Results 1 to 11 of 11
  1. #1
    Join Date
    Jul 2002
    Location
    Italy
    Posts
    344

    Server down every 3 hours...

    One of my servers goes down every 3 hours.

    In /var/log/messages I've found the following message:

    Nov 29 05:00:25 viper kernel: kernel BUG at include/asm/spinlock.h:133!
    Nov 29 05:00:25 viper kernel: invalid operand: 0000 [#1]
    Nov 29 05:00:25 viper kernel: SMP
    Nov 29 05:00:25 viper kernel: Modules linked in: loop ipt_owner md5 ipv6 ipt_TOS iptable_mangle ip_conntrack_ftp ip_conntrack_
    irc ipt_REJECT ipt_LOG ipt_limit iptable_filter ipt_multiport ipt_state ip_conntrack ip_tables autofs4 sunrpc dm_mirror dm_mod
    button battery ac uhci_hcd ehci_hcd hw_random e1000 floppy ext3 jbd raid1 sata_promise libata sd_mod scsi_mod
    Nov 29 05:00:25 viper kernel: CPU: 2
    Nov 29 05:00:25 viper kernel: EIP: 0060:[<c02cfc61>] Not tainted VLI
    Nov 29 05:00:25 viper kernel: EFLAGS: 00010216 (2.6.9-22.ELsmp)
    Nov 29 05:00:25 viper kernel: EIP is at _spin_lock+0x1c/0x34
    Nov 29 05:00:25 viper kernel: eax: c02e36f9 ebx: ec7bc3fc ecx: f5db6dd8 edx: c014c9b3
    Nov 29 05:00:25 viper kernel: esi: 00000000 edi: 00000000 ebp: ec7bc3d0 esp: f5db6ddc
    Nov 29 05:00:25 viper kernel: ds: 007b es: 007b ss: 0068
    Nov 29 05:00:25 viper kernel: Process cpanellogd (pid: 4651, threadinfo=f5db6000 task=f742e3b0)
    Nov 29 05:00:25 viper kernel: Stack: 00000000 c014c9b3 00000000 00000000 00000000 00000000 00000000 c02cf6e3
    Nov 29 05:00:25 viper kernel: f6cf5a80 c015bf99 00001000 f7e10200 f5b95c18 f7e1329c 00000003 00000000
    Nov 29 05:00:25 viper kernel: 00000000 00000000 ffffffff 00000001 00000000 00000000 00000246 00000000

    Any suggestions?

    Thanks!

  2. #2
    Join Date
    Mar 2003
    Location
    California USA
    Posts
    13,294
    loosk to me like a kernel oops. My suggestion is upgrading to the latest version by source.
    Steven Ciaburri | Industry's Best Server Management - Rack911.com
    Software Auditing - 400+ Vulnerabilities Found - Quote @ https://www.RACK911Labs.com
    Fully Managed Dedicated Servers (Las Vegas, New York City, & Amsterdam) (AS62710)
    FreeBSD & Linux Server Management, Security Auditing, Server Optimization, PCI Compliance

  3. #3
    Join Date
    May 2004
    Location
    San Diego, CA USA
    Posts
    55
    What distro ? What version ?

    Have you turned off the unneeded crap like pcmcia, isdn, etc. ? Are you all patched up and running the latest packaged kernel foryour distro ?

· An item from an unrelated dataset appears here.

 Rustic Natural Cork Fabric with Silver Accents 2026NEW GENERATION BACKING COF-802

    I Googled it, and it seems that you are not the only one that has had this problem.

    I dont' agree with Steven's suggestion to roll your own kernel from source. Stay with the packaged one, but get the latest if you aren't already using it.

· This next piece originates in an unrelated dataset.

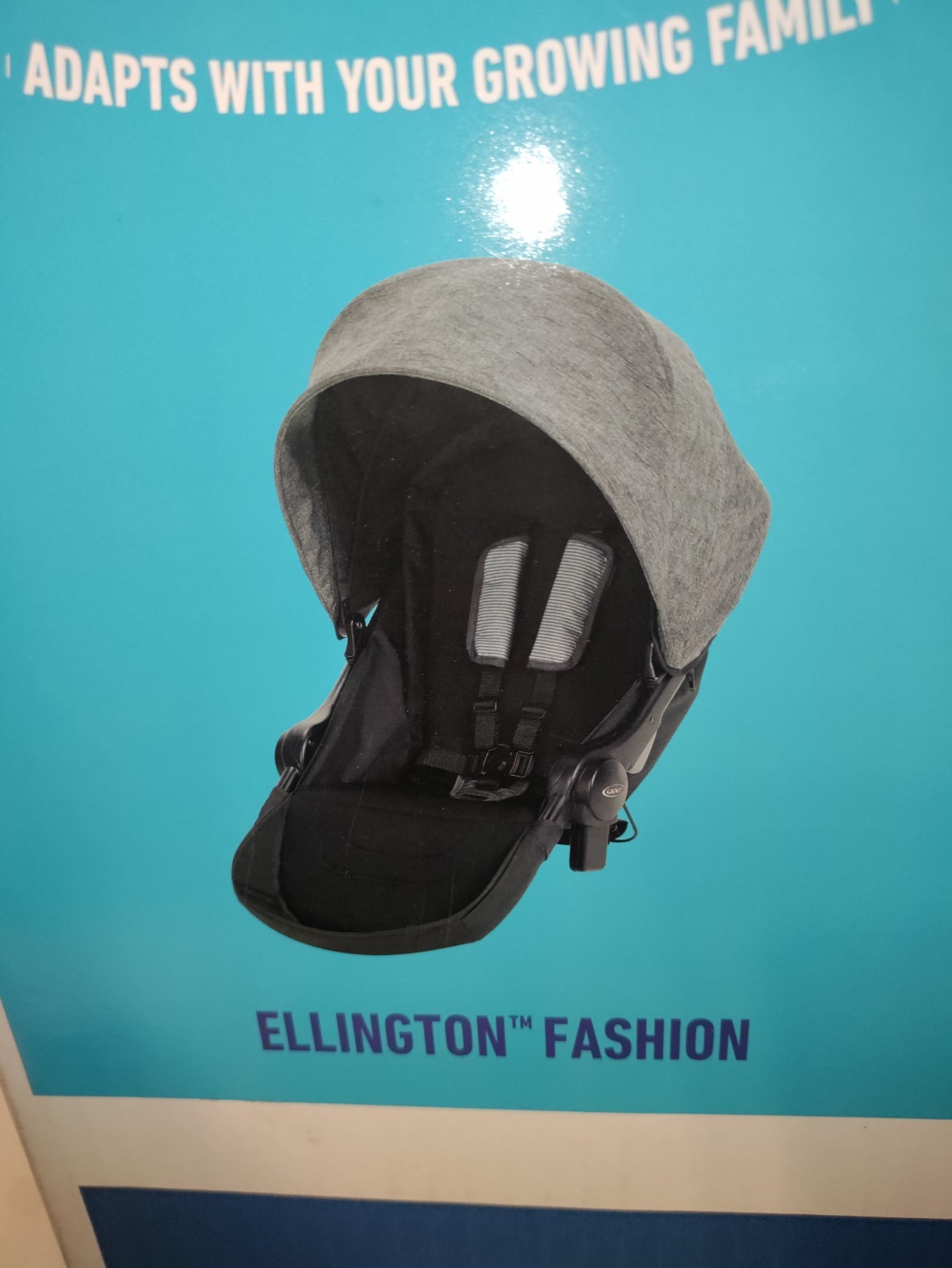 Graco Uno2Duo Stroller Second Seat – Ellington Grey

    What did you do before this started happening ? What has changed since the time it wasnt' doing this ? Software upgrade, patches, config change ? What ?

  4. #4
    Join Date
    Mar 2003
    Location
    California USA
    Posts
    13,294
    Agree with my suggestion or not. I run into these all the time. I have found the default redhat 4 /centos 4 kernels are extremely buggy.

    Nov 29 05:00:25 viper kernel: EFLAGS: 00010216 (2.6.9-22.ELsmp)
    He is running centos 4 or redhat enterprise 4.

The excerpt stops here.